Look through the entries below for the line with "Luxe Fabric Sofa" and the line with "Vibrant Red Marble Waterfall Coffee Table", then give again exactly those two lines and all lines between them, minus the pictures.

RECORDS FOR PROCESSING →
--- --- ---
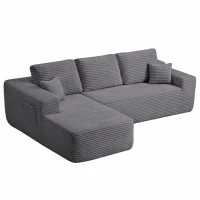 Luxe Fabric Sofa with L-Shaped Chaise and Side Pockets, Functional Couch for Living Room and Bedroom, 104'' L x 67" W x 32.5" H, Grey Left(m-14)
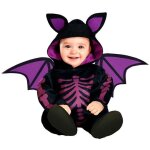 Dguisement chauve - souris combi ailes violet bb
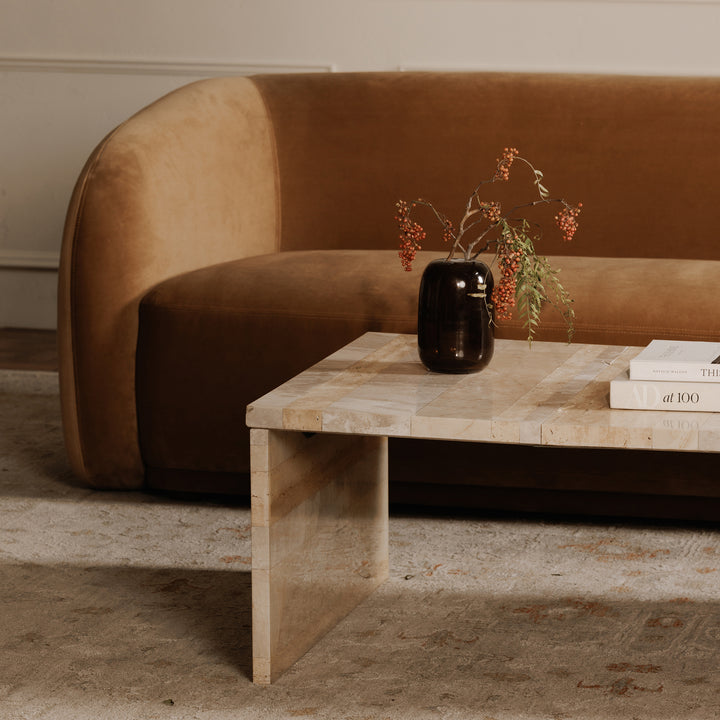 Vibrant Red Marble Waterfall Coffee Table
--- --- ---
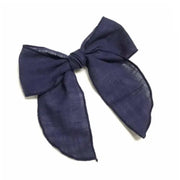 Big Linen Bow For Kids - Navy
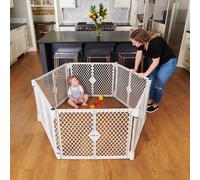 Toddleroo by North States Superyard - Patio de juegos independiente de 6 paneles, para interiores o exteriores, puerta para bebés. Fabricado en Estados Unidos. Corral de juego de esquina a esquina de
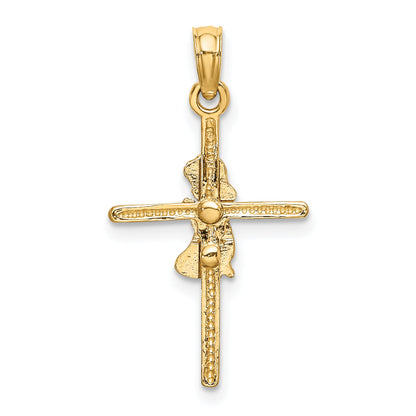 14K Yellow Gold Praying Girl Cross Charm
--- --- ---
ANSWER SPACE →
 Luxe Fabric Sofa with L-Shaped Chaise and Side Pockets, Functional Couch for Living Room and Bedroom, 104'' L x 67" W x 32.5" H, Grey Left(m-14)
 Dguisement chauve - souris combi ailes violet bb
 Vibrant Red Marble Waterfall Coffee Table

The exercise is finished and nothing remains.